Your task is to copy the listing exactly. Drop any pictures from the copy.
━━━━━━━━
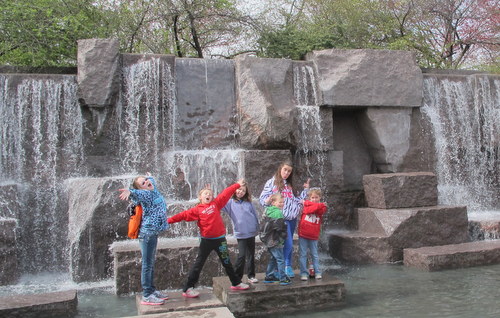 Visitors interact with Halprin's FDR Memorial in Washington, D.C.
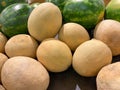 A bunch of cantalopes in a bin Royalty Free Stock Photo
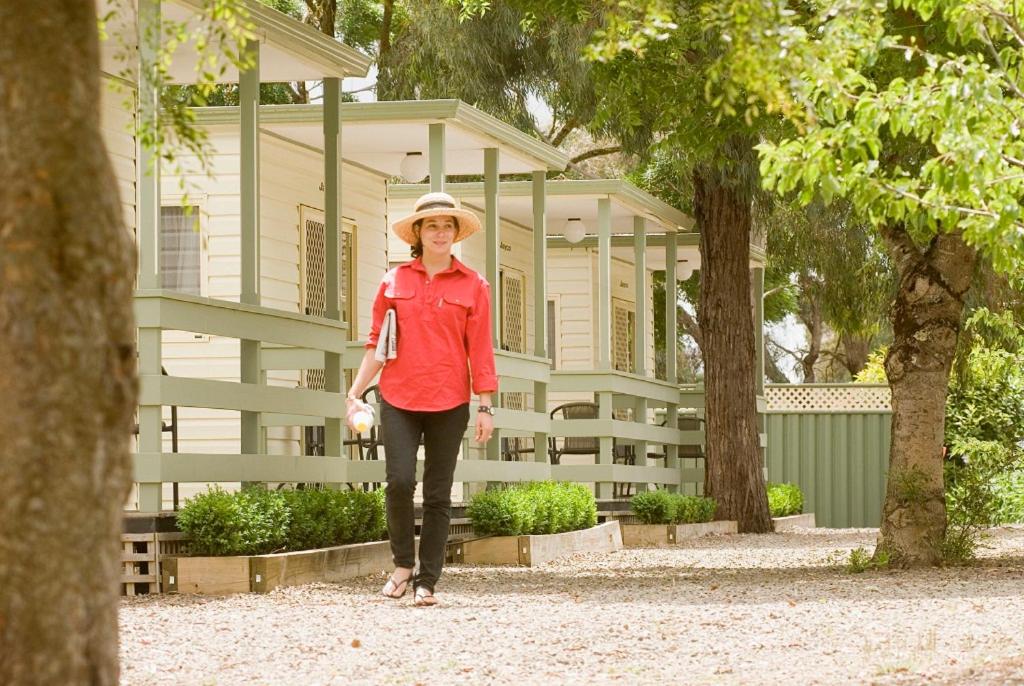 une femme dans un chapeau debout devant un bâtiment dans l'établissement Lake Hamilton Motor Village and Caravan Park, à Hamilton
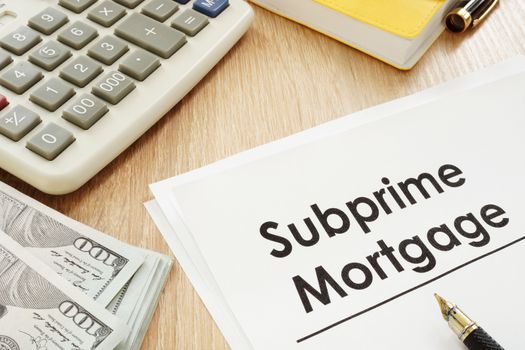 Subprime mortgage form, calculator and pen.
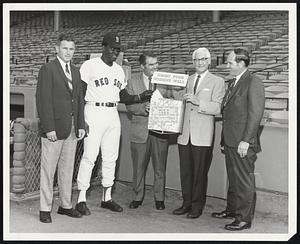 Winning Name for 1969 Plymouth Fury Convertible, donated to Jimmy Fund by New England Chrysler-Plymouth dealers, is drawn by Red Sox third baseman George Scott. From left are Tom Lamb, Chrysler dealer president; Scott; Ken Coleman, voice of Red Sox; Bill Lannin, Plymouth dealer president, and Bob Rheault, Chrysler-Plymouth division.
━━━━━━━━
Response:
 Visitors interact with Halprin's FDR Memorial in Washington, D.C.
 A bunch of cantalopes in a bin Royalty Free Stock Photo
 une femme dans un chapeau debout devant un bâtiment dans l'établissement Lake Hamilton Motor Village and Caravan Park, à Hamilton
 Subprime mortgage form, calculator and pen.
 Winning Name for 1969 Plymouth Fury Convertible, donated to Jimmy Fund by New England Chrysler-Plymouth dealers, is drawn by Red Sox third baseman George Scott. From left are Tom Lamb, Chrysler dealer president; Scott; Ken Coleman, voice of Red Sox; Bill Lannin, Plymouth dealer president, and Bob Rheault, Chrysler-Plymouth division.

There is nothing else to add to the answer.